*Exercise directions*
Give back exactly the lines of the material below that start at the line containing "плесень: Дезинфекция, дезинсекция, |" and end at the line containing "Uncertain - Gen", and no others.

---

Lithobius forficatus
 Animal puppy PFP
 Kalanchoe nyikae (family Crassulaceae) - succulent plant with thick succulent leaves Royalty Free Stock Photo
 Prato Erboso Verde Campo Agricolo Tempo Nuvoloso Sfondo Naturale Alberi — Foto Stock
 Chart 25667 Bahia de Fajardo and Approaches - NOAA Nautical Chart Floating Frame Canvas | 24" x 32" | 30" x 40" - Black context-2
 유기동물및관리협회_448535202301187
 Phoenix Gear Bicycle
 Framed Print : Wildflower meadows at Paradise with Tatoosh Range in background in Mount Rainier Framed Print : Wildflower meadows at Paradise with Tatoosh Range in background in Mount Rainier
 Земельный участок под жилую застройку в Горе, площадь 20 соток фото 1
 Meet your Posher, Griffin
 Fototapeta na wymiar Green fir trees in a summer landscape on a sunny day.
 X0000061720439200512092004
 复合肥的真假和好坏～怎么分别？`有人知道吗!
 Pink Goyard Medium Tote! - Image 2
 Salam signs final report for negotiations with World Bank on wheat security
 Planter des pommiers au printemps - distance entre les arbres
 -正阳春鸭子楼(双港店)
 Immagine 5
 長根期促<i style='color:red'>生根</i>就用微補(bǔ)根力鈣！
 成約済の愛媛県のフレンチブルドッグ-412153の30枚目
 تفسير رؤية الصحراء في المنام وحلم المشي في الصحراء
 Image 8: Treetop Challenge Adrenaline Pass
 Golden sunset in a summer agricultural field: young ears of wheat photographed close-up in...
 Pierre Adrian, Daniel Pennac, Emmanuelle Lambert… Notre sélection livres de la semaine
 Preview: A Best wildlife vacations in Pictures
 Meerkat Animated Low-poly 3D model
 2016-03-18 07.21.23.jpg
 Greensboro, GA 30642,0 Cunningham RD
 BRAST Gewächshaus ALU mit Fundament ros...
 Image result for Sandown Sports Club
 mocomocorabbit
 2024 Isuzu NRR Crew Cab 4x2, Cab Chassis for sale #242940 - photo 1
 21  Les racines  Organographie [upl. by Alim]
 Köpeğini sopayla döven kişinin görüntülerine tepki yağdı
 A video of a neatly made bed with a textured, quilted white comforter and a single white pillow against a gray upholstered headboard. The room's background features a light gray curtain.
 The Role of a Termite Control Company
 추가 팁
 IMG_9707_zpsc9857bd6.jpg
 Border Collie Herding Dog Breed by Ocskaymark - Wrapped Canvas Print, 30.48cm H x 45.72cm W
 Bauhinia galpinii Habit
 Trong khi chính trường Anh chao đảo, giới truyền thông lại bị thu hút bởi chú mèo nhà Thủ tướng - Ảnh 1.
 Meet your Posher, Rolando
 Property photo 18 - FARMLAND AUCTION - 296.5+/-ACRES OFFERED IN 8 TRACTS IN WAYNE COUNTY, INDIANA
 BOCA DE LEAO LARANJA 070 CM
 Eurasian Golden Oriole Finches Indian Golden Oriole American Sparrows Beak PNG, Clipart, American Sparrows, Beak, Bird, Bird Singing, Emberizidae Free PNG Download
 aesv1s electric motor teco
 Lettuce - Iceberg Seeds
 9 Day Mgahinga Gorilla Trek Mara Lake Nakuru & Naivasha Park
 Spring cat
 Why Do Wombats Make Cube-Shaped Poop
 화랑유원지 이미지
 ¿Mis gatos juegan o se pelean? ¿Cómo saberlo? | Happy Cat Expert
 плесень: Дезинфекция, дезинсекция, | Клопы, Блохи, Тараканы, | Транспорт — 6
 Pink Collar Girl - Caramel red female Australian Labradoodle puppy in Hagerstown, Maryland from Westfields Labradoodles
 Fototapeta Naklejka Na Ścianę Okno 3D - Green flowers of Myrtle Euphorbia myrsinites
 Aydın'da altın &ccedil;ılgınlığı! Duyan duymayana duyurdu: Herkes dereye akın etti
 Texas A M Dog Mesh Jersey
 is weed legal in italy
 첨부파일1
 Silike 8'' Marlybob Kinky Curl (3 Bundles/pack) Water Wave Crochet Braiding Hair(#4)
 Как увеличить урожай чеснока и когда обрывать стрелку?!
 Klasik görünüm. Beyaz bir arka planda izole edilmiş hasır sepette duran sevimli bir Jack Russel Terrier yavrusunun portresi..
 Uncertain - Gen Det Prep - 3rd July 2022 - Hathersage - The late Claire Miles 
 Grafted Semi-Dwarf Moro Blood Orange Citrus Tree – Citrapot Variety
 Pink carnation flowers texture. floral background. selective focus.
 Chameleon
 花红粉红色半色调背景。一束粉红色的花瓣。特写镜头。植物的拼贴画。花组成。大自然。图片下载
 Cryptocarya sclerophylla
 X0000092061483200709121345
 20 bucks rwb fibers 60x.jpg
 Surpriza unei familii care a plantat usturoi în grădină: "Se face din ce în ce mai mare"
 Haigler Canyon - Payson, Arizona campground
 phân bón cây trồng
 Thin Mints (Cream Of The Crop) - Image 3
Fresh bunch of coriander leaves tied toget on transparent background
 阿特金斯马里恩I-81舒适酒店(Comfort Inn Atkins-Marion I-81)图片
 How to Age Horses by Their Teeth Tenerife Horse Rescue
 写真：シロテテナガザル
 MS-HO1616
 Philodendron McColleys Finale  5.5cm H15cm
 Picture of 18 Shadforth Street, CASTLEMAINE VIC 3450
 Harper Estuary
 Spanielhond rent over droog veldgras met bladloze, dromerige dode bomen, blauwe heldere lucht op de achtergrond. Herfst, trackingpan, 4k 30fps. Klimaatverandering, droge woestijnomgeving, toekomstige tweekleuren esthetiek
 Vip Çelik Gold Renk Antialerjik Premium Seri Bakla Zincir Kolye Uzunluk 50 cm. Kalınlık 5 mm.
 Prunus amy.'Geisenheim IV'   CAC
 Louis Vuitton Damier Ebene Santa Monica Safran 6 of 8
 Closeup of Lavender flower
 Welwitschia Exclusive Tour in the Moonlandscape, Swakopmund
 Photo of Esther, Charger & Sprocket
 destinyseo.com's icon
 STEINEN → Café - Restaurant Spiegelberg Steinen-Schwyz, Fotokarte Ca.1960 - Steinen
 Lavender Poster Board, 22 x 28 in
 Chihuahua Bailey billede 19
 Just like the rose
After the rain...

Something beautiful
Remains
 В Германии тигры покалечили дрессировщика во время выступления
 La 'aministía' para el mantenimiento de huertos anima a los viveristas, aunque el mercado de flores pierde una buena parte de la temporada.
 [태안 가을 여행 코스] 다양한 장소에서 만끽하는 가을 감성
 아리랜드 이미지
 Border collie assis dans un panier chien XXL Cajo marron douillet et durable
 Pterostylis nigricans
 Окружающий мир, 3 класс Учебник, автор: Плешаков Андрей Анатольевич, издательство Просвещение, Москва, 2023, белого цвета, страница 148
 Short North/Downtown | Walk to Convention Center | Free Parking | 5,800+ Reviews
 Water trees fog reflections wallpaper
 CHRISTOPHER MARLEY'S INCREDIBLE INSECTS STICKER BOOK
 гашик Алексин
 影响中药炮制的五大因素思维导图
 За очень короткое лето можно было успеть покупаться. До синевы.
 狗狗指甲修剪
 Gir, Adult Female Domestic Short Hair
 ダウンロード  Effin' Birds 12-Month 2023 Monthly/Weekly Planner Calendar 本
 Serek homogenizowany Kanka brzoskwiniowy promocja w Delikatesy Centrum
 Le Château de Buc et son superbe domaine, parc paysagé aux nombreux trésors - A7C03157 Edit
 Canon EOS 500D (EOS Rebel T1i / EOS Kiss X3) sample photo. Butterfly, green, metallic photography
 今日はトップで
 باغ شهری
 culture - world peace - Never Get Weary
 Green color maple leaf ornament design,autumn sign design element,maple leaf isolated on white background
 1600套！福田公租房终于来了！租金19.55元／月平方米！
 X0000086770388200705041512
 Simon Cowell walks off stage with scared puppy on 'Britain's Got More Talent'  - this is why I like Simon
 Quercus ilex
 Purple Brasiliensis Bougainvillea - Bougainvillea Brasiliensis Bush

---

*Task response*
 плесень: Дезинфекция, дезинсекция, | Клопы, Блохи, Тараканы, | Транспорт — 6
 Pink Collar Girl - Caramel red female Australian Labradoodle puppy in Hagerstown, Maryland from Westfields Labradoodles
 Fototapeta Naklejka Na Ścianę Okno 3D - Green flowers of Myrtle Euphorbia myrsinites
 Aydın'da altın &ccedil;ılgınlığı! Duyan duymayana duyurdu: Herkes dereye akın etti
 Texas A M Dog Mesh Jersey
 is weed legal in italy
 첨부파일1
 Silike 8'' Marlybob Kinky Curl (3 Bundles/pack) Water Wave Crochet Braiding Hair(#4)
 Как увеличить урожай чеснока и когда обрывать стрелку?!
 Klasik görünüm. Beyaz bir arka planda izole edilmiş hasır sepette duran sevimli bir Jack Russel Terrier yavrusunun portresi..
 Uncertain - Gen Det Prep - 3rd July 2022 - Hathersage - The late Claire Miles 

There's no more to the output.